**Web page caption snippets**:

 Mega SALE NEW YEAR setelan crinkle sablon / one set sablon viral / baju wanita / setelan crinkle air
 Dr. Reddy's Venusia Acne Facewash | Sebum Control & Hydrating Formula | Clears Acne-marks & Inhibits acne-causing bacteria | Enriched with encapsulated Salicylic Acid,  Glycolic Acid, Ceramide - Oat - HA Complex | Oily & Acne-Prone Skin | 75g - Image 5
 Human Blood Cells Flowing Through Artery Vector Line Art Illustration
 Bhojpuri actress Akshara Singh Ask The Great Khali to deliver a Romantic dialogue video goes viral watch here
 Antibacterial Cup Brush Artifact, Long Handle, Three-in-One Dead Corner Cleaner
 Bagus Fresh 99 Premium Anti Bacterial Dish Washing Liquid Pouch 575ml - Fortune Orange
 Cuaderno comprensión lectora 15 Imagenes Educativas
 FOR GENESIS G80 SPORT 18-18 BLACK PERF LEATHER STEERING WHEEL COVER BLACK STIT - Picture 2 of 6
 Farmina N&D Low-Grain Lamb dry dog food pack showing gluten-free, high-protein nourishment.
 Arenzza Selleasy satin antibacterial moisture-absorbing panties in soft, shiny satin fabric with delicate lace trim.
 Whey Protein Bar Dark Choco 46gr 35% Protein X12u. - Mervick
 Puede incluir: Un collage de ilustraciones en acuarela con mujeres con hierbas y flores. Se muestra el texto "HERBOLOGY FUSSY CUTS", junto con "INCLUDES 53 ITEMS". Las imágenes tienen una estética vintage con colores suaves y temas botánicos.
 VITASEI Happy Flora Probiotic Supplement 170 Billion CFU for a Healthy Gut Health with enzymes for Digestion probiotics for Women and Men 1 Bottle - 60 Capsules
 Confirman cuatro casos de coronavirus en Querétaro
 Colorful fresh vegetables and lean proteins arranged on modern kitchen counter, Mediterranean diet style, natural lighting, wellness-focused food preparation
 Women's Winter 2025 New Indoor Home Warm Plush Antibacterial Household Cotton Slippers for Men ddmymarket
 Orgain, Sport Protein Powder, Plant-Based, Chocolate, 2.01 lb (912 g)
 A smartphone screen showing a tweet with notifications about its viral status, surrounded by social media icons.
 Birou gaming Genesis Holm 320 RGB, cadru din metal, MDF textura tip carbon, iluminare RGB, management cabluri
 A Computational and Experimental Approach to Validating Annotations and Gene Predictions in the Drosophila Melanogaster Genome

**PROBLEM**: Take the line that contains "Whey Protein Bar" and every line after it to the end of the entries above, and reproduce them exactly.

**EXERCISE ANSWER**:
 Whey Protein Bar Dark Choco 46gr 35% Protein X12u. - Mervick
 Puede incluir: Un collage de ilustraciones en acuarela con mujeres con hierbas y flores. Se muestra el texto "HERBOLOGY FUSSY CUTS", junto con "INCLUDES 53 ITEMS". Las imágenes tienen una estética vintage con colores suaves y temas botánicos.
 VITASEI Happy Flora Probiotic Supplement 170 Billion CFU for a Healthy Gut Health with enzymes for Digestion probiotics for Women and Men 1 Bottle - 60 Capsules
 Confirman cuatro casos de coronavirus en Querétaro
 Colorful fresh vegetables and lean proteins arranged on modern kitchen counter, Mediterranean diet style, natural lighting, wellness-focused food preparation
 Women's Winter 2025 New Indoor Home Warm Plush Antibacterial Household Cotton Slippers for Men ddmymarket
 Orgain, Sport Protein Powder, Plant-Based, Chocolate, 2.01 lb (912 g)
 A smartphone screen showing a tweet with notifications about its viral status, surrounded by social media icons.
 Birou gaming Genesis Holm 320 RGB, cadru din metal, MDF textura tip carbon, iluminare RGB, management cabluri
 A Computational and Experimental Approach to Validating Annotations and Gene Predictions in the Drosophila Melanogaster Genome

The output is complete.